Libraries feel boom from bust economy

This year, however, Naylor said other factors have likely contributed to the library's successful circulation numbers.

"In this economy, it seems like people are checking out more books," he said. "I think that if we look at it and say what's logical, 'Well I can pay $30 and buy the book, or check it out free.'"

Not only have libraries become a source for entertainment during the financial crisis, but they have also become a valuable resource for employment.

The New York Library Association announced results of a survey on Monday, Feb. 9, that showed 80 percent of the libraries in New York have helped someone search for a job in the past three months.

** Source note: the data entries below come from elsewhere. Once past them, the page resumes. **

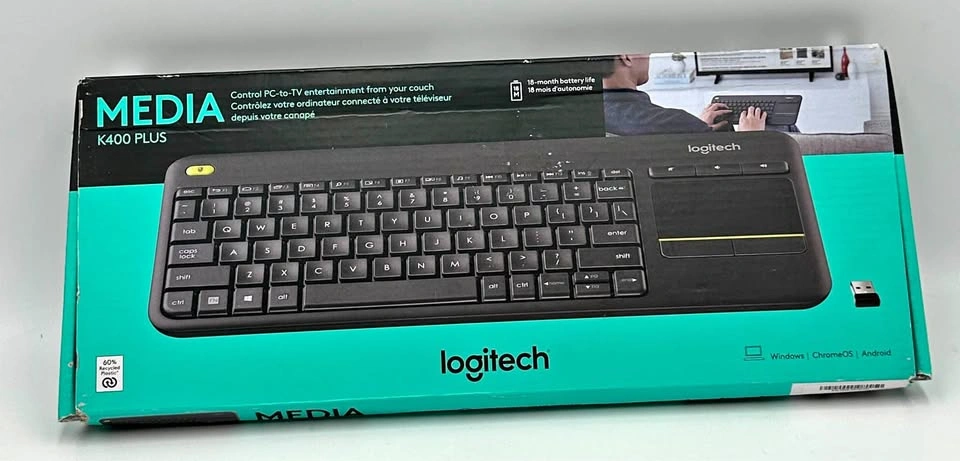 Logitech K400 Plus Wireless Touch Keyboard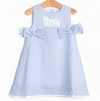 Stevie Gingham Dress, Blue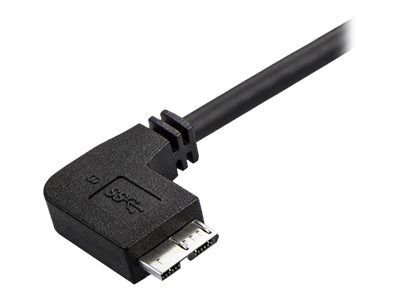 StarTech.com 1m 3 ft Slim Micro USB 3.0 Cable M/M - Left-Angle Micro-USB - USB 3.0 A to Micro B - Angled Micro USB - USB 3.1 Gen 1 (5Gbps) (USB3AU1MLS) - USB cable - 1 m_5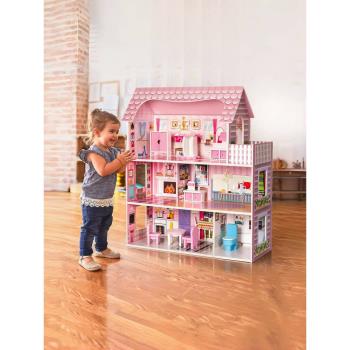 跨境兒童公主房子別墅城堡小女孩過家家玩具小朋友生日娃娃屋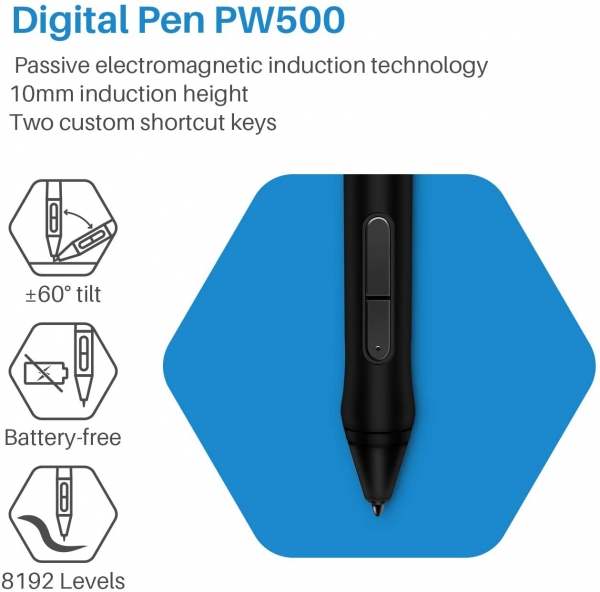 قلم نوری 620هویون مدل-Huion-Q620m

Michael Borges, NYLA's executive director, commented on the survey results.

"As the state faces its most difficult economic crisis in decades, public library usage has rapidly increased, particularly with people seeking help in finding employment," he said.

Borges emphasized that the free services the library provides come particularly in handy in times like these.

"When folks lose jobs or cut back on spending for fear of losing their jobs, people turn to libraries for free Internet access and books, CDs, videos and literacy programs for their families. Libraries have become part of society's safety net for the neediest in our communities," he said.

Naylor said the library has been more populated with people in the past year, and they are turning, surprisingly, more toward reading material than viewing or audio materials.

"In the past few years, DVDs [usage] have not increased. In fact, the movies have actually gone down lately," Naylor said. "The reading is actually going up a lot."

In 2008, adult fiction and nonfiction were the two most popular categories in the library's circulation, Naylor said. He noted that there has been an increase in participation in the children's section's many programs, as well.